**Exercise details**
Skip the pictures and restate, word for word, the lines from the one containing "10/03/2023 - Shelby" to the end of the data below.

Records from a data source
=== Section Start ===

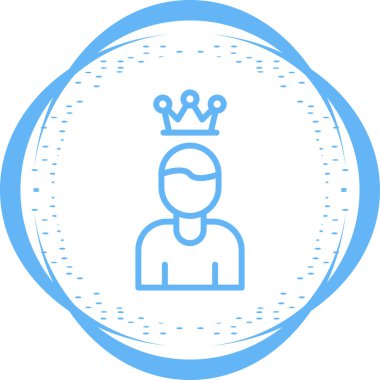 Elit simge vektör illüstrasyonu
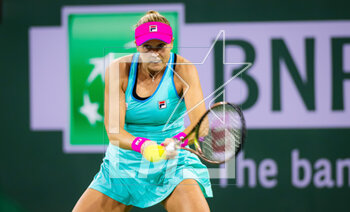10/03/2023 - Shelby Rogers of the United States in action during the second round of the 2023 BNP Paribas Open, WTA 1000 tennis tournament on March 10, 2023 in Indian Wells, USA - TENNIS - WTA - BNP PARIBAS OPEN 2023 - INTERNAZIONALI - TENNIS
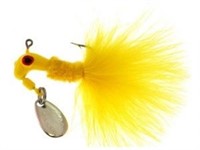 Blakemore Road Runner Marabou Yellow 1/4oz Lure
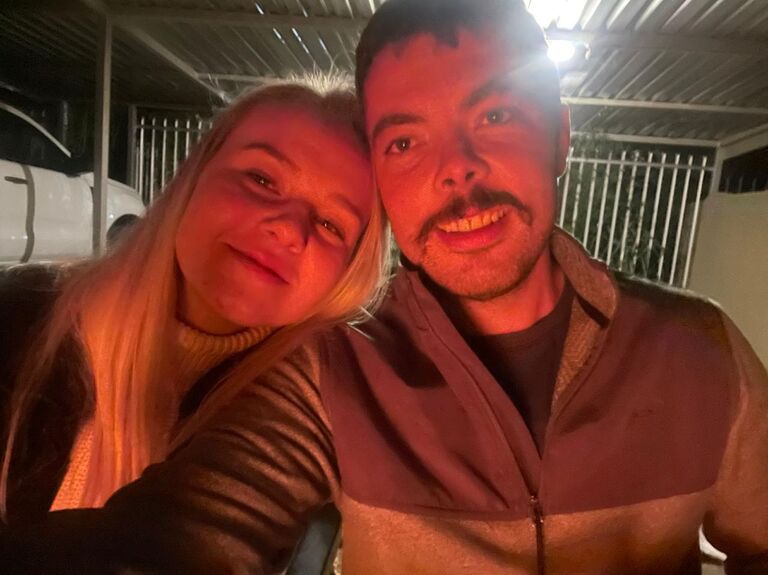 Just a week later Anthony and Delia started seeing each other. 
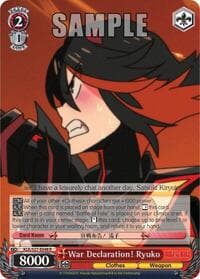 War Declaration! Ryuko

=== Section End ===

**Exercise result**
10/03/2023 - Shelby Rogers of the United States in action during the second round of the 2023 BNP Paribas Open, WTA 1000 tennis tournament on March 10, 2023 in Indian Wells, USA - TENNIS - WTA - BNP PARIBAS OPEN 2023 - INTERNAZIONALI - TENNIS
 Blakemore Road Runner Marabou Yellow 1/4oz Lure
 Just a week later Anthony and Delia started seeing each other. 
 War Declaration! Ryuko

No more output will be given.